TASK MATERIAL:

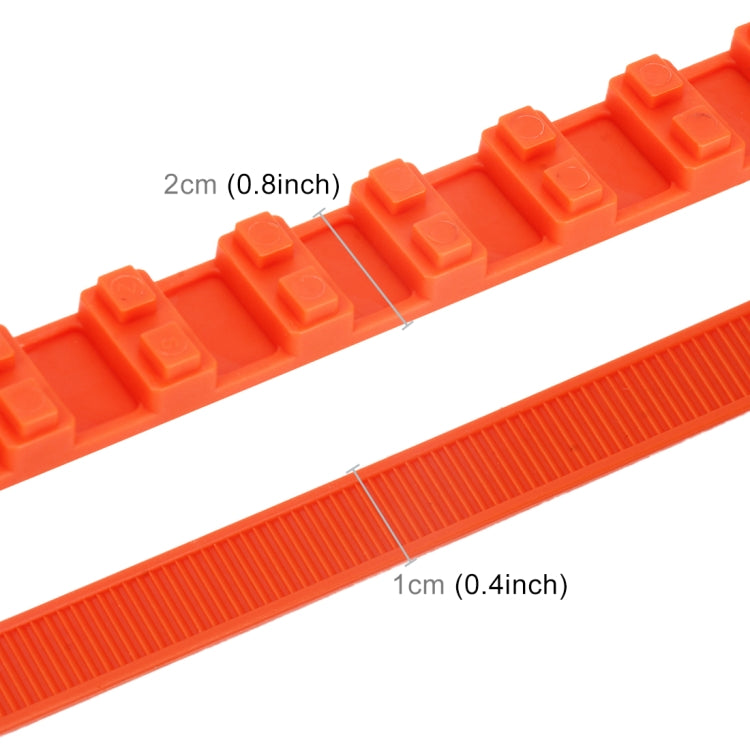 Car Tire Emergency Double Grid Anti-skid Chains Tyre Anti-slip Chains, Double Grid - HoMEdemic™ 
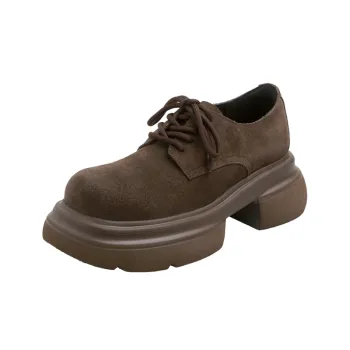 Retro Fashionable Loafer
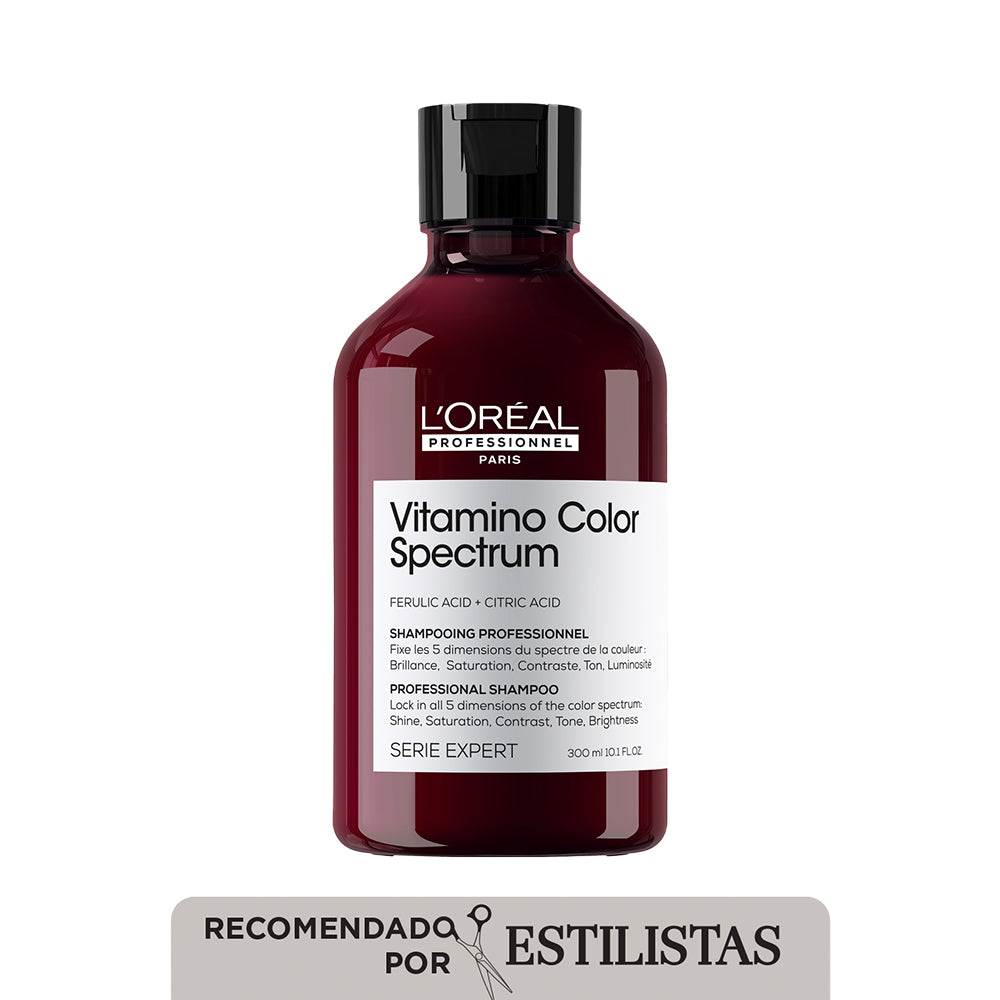 SHAMPOO VITAMINO COLOR SPECTRUM 300ML LP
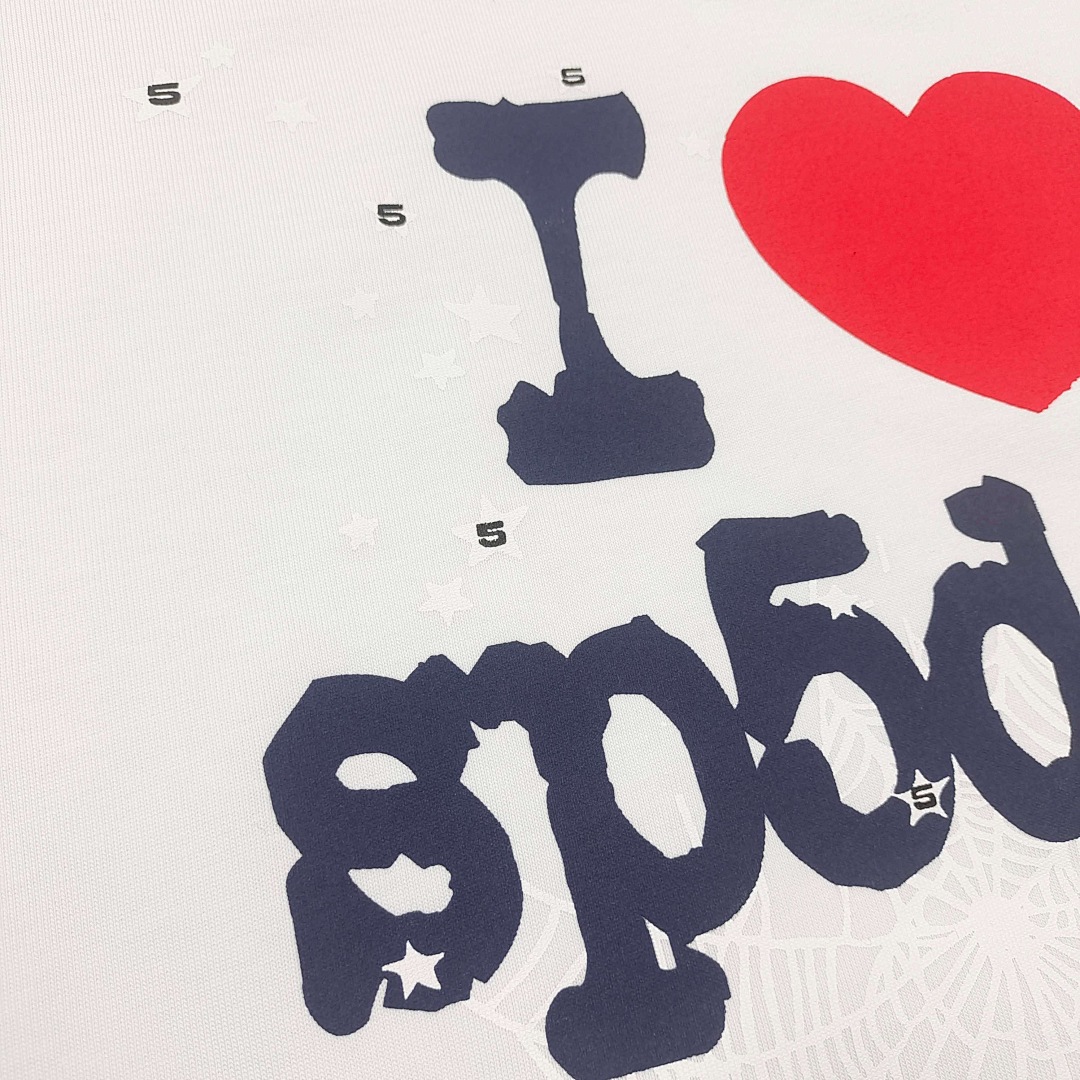 Sp5der . B4175 Short Sleeve -68L - Image 6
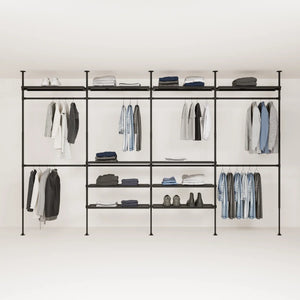 LOFT 4 METAL – 10 półek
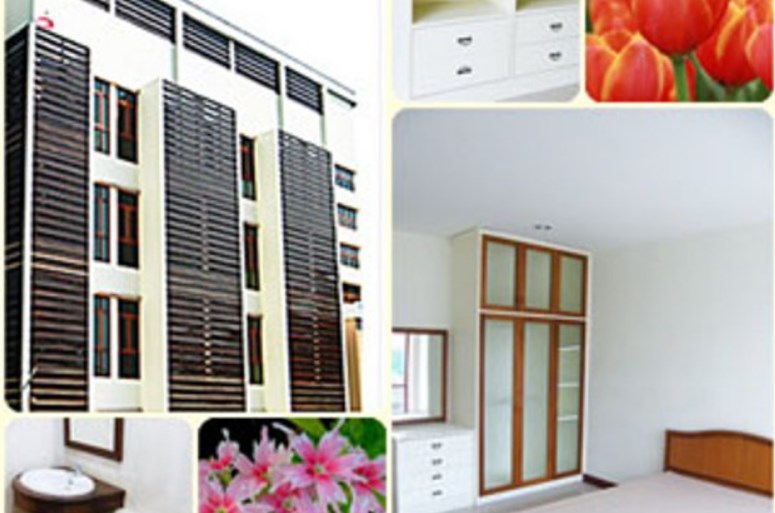 พลวัต อพาร์ทเมนท์ Pholwat Apartment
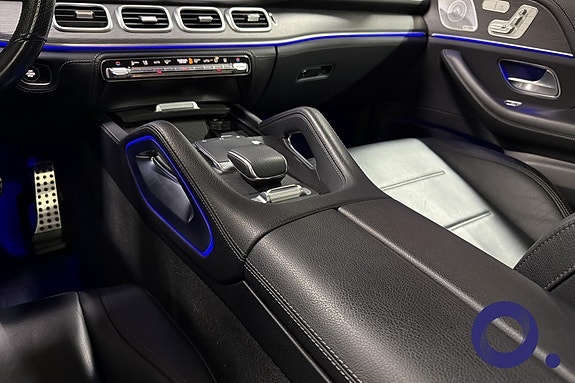 Mercedes-Benz GLE350 de 25 of 30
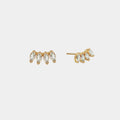 (WH) Pendientes Small Gleam
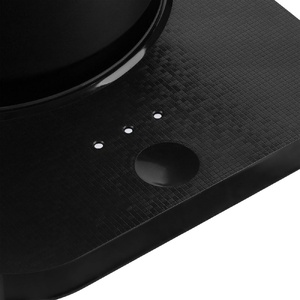 Кружка с подогревом и беспроводной зарядкой dualBase plus, черная G-15783.30 фото 10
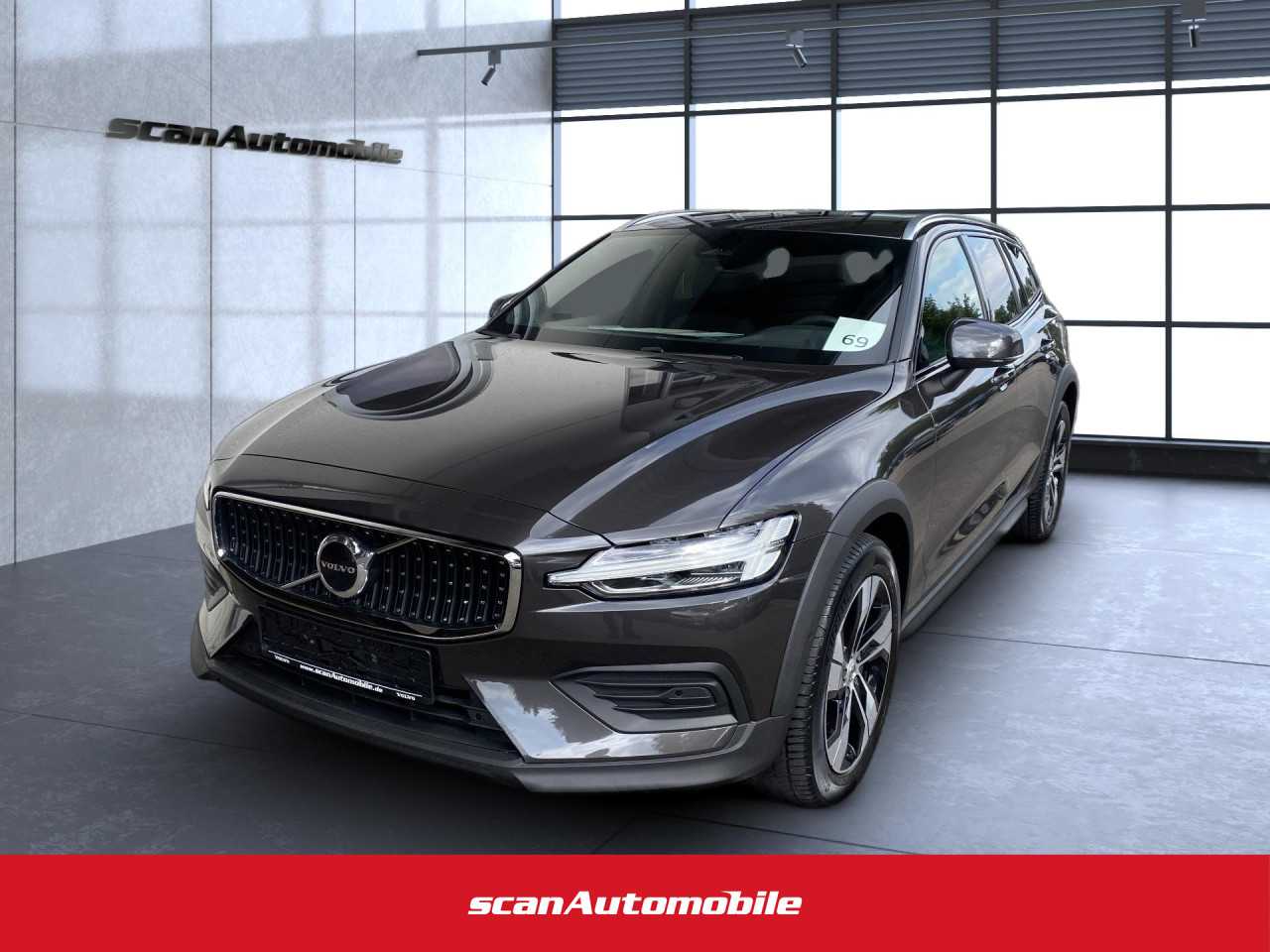 Volvo V60 Cross Country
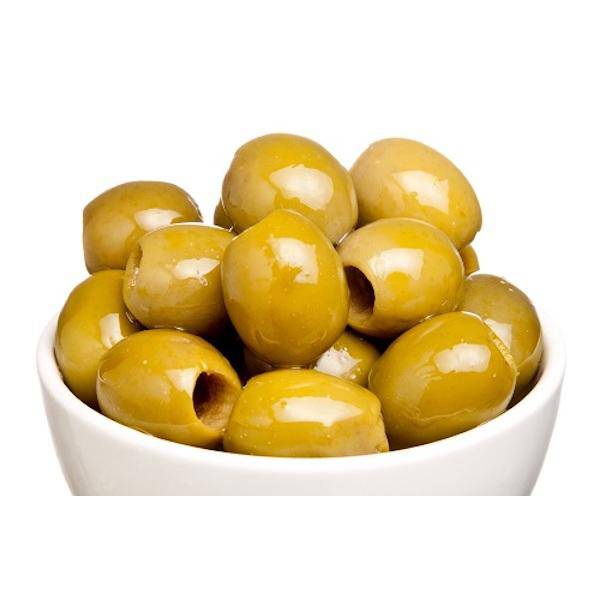 Pitted Green Olives 2kg - Mediterranean Delicacies
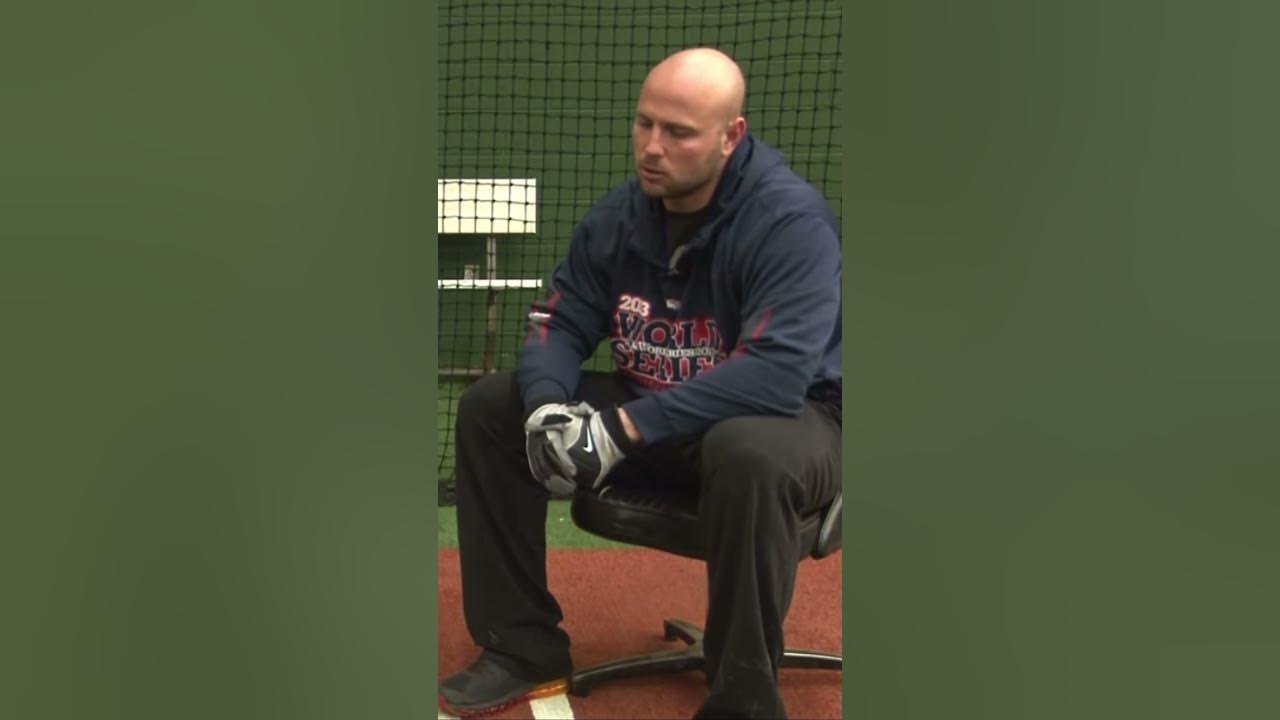 Matt Holliday:  The most important things for a young hitter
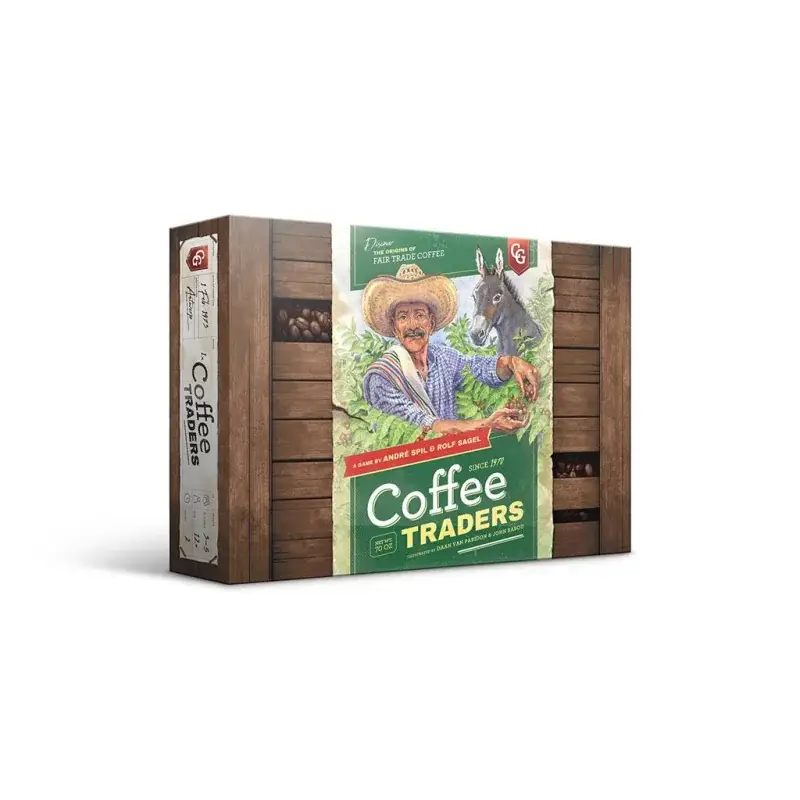 Express Levering Coffee Traders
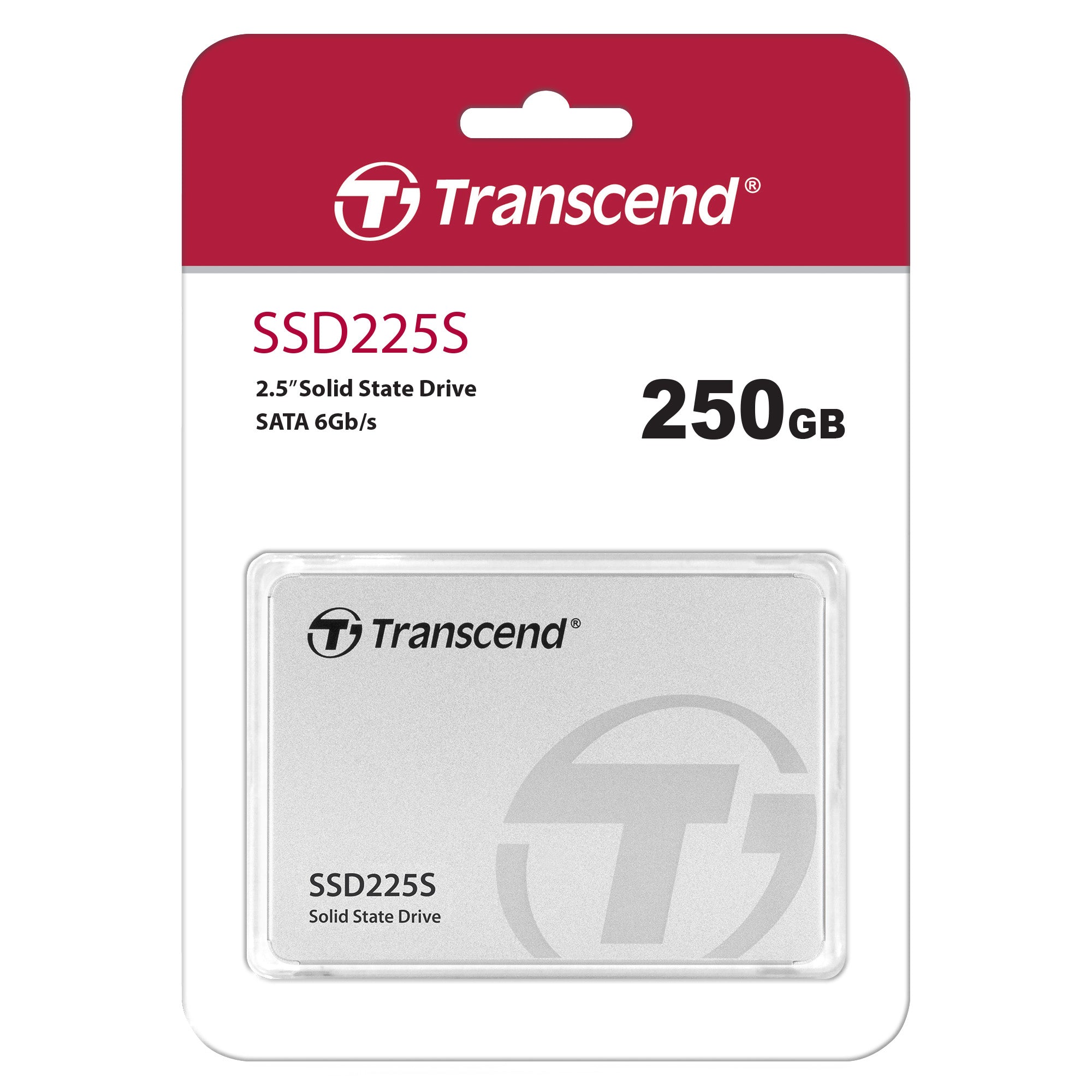 Transcend SSD225S 250GB 2.5 Inch SATA III SSD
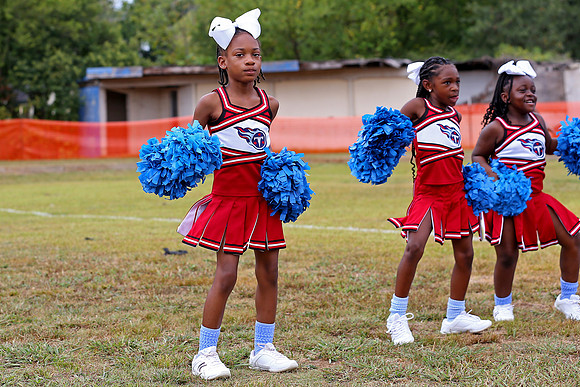 Kemper Wildcats at Noxubee Titans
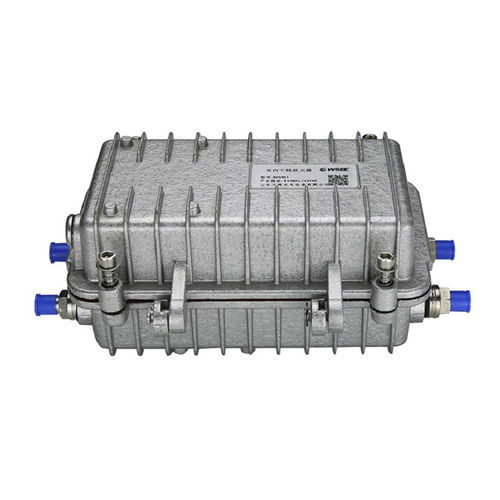 Signal amplifier - WS-SXG301 - WSEE - RF / splitter / adjustable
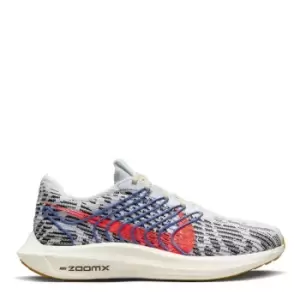 Image of Nike Pegasus Turbo Next Nature Womens Road Running Shoes - Silver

TASK INSTRUCTIONS:
Copy out every entry exactly as written, but not the pictures.

ANSWER TO THIS PROBLEM:
 Car Tire Emergency Double Grid Anti-skid Chains Tyre Anti-slip Chains, Double Grid - HoMEdemic™ 
 Retro Fashionable Loafer
 SHAMPOO VITAMINO COLOR SPECTRUM 300ML LP
 Sp5der . B4175 Short Sleeve -68L - Image 6
 LOFT 4 METAL – 10 półek
 พลวัต อพาร์ทเมนท์ Pholwat Apartment
 Mercedes-Benz GLE350 de 25 of 30
 (WH) Pendientes Small Gleam
 Кружка с подогревом и беспроводной зарядкой dualBase plus, черная G-15783.30 фото 10
 Volvo V60 Cross Country
 Pitted Green Olives 2kg - Mediterranean Delicacies
 Matt Holliday:  The most important things for a young hitter
 Express Levering Coffee Traders
 Transcend SSD225S 250GB 2.5 Inch SATA III SSD
 Kemper Wildcats at Noxubee Titans
 Signal amplifier - WS-SXG301 - WSEE - RF / splitter / adjustable
 Image of Nike Pegasus Turbo Next Nature Womens Road Running Shoes - Silver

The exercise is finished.